**What this task involves:** Write out each entry once more so that it matches the original exactly.

Crawled caption data
= = =
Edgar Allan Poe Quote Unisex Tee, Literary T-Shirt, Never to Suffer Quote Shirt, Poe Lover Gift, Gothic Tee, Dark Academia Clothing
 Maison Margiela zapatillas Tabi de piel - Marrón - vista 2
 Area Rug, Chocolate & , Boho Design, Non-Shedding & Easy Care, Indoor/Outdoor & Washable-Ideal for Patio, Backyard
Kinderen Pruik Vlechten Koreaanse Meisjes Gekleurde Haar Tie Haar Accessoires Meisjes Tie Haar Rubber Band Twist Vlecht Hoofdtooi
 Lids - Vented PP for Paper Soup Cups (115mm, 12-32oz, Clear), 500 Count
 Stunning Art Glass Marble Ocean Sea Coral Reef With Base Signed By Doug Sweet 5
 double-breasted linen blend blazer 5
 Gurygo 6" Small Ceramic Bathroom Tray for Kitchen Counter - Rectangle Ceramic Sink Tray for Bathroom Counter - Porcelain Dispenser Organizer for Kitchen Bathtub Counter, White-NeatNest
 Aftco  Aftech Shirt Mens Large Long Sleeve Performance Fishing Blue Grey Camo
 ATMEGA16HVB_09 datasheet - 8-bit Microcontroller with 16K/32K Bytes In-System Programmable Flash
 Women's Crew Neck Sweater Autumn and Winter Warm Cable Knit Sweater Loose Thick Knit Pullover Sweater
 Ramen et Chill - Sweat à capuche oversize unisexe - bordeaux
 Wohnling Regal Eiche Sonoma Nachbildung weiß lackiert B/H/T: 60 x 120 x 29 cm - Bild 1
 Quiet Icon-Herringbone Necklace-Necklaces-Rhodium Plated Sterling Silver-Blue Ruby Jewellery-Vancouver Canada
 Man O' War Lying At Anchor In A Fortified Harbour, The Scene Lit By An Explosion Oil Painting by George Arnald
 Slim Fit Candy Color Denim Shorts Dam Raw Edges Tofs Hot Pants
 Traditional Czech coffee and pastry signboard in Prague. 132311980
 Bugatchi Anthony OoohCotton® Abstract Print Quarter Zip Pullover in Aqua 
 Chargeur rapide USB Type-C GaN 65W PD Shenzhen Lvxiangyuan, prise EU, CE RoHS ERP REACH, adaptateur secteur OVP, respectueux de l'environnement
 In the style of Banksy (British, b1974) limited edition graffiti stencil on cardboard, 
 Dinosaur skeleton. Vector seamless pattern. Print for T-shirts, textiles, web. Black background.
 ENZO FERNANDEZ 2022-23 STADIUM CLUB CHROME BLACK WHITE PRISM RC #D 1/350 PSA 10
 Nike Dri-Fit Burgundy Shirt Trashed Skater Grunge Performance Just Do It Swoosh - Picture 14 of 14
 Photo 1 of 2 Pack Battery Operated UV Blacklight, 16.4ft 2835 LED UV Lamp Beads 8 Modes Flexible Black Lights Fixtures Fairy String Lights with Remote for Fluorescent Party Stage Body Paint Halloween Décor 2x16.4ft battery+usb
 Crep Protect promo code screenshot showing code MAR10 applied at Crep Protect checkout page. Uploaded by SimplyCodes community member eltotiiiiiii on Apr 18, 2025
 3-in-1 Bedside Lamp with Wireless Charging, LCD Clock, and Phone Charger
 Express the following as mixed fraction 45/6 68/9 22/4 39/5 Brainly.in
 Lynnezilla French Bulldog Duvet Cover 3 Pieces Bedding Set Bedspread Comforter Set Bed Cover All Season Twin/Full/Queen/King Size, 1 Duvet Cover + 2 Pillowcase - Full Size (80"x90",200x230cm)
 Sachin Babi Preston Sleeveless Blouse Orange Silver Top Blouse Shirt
= = =
**Expected answer:**
Edgar Allan Poe Quote Unisex Tee, Literary T-Shirt, Never to Suffer Quote Shirt, Poe Lover Gift, Gothic Tee, Dark Academia Clothing
 Maison Margiela zapatillas Tabi de piel - Marrón - vista 2
 Area Rug, Chocolate & , Boho Design, Non-Shedding & Easy Care, Indoor/Outdoor & Washable-Ideal for Patio, Backyard
Kinderen Pruik Vlechten Koreaanse Meisjes Gekleurde Haar Tie Haar Accessoires Meisjes Tie Haar Rubber Band Twist Vlecht Hoofdtooi
 Lids - Vented PP for Paper Soup Cups (115mm, 12-32oz, Clear), 500 Count
 Stunning Art Glass Marble Ocean Sea Coral Reef With Base Signed By Doug Sweet 5
 double-breasted linen blend blazer 5
 Gurygo 6" Small Ceramic Bathroom Tray for Kitchen Counter - Rectangle Ceramic Sink Tray for Bathroom Counter - Porcelain Dispenser Organizer for Kitchen Bathtub Counter, White-NeatNest
 Aftco  Aftech Shirt Mens Large Long Sleeve Performance Fishing Blue Grey Camo
 ATMEGA16HVB_09 datasheet - 8-bit Microcontroller with 16K/32K Bytes In-System Programmable Flash
 Women's Crew Neck Sweater Autumn and Winter Warm Cable Knit Sweater Loose Thick Knit Pullover Sweater
 Ramen et Chill - Sweat à capuche oversize unisexe - bordeaux
 Wohnling Regal Eiche Sonoma Nachbildung weiß lackiert B/H/T: 60 x 120 x 29 cm - Bild 1
 Quiet Icon-Herringbone Necklace-Necklaces-Rhodium Plated Sterling Silver-Blue Ruby Jewellery-Vancouver Canada
 Man O' War Lying At Anchor In A Fortified Harbour, The Scene Lit By An Explosion Oil Painting by George Arnald
 Slim Fit Candy Color Denim Shorts Dam Raw Edges Tofs Hot Pants
 Traditional Czech coffee and pastry signboard in Prague. 132311980
 Bugatchi Anthony OoohCotton® Abstract Print Quarter Zip Pullover in Aqua 
 Chargeur rapide USB Type-C GaN 65W PD Shenzhen Lvxiangyuan, prise EU, CE RoHS ERP REACH, adaptateur secteur OVP, respectueux de l'environnement
 In the style of Banksy (British, b1974) limited edition graffiti stencil on cardboard, 
 Dinosaur skeleton. Vector seamless pattern. Print for T-shirts, textiles, web. Black background.
 ENZO FERNANDEZ 2022-23 STADIUM CLUB CHROME BLACK WHITE PRISM RC #D 1/350 PSA 10
 Nike Dri-Fit Burgundy Shirt Trashed Skater Grunge Performance Just Do It Swoosh - Picture 14 of 14
 Photo 1 of 2 Pack Battery Operated UV Blacklight, 16.4ft 2835 LED UV Lamp Beads 8 Modes Flexible Black Lights Fixtures Fairy String Lights with Remote for Fluorescent Party Stage Body Paint Halloween Décor 2x16.4ft battery+usb
 Crep Protect promo code screenshot showing code MAR10 applied at Crep Protect checkout page. Uploaded by SimplyCodes community member eltotiiiiiii on Apr 18, 2025
 3-in-1 Bedside Lamp with Wireless Charging, LCD Clock, and Phone Charger
 Express the following as mixed fraction 45/6 68/9 22/4 39/5 Brainly.in
 Lynnezilla French Bulldog Duvet Cover 3 Pieces Bedding Set Bedspread Comforter Set Bed Cover All Season Twin/Full/Queen/King Size, 1 Duvet Cover + 2 Pillowcase - Full Size (80"x90",200x230cm)
 Sachin Babi Preston Sleeveless Blouse Orange Silver Top Blouse Shirt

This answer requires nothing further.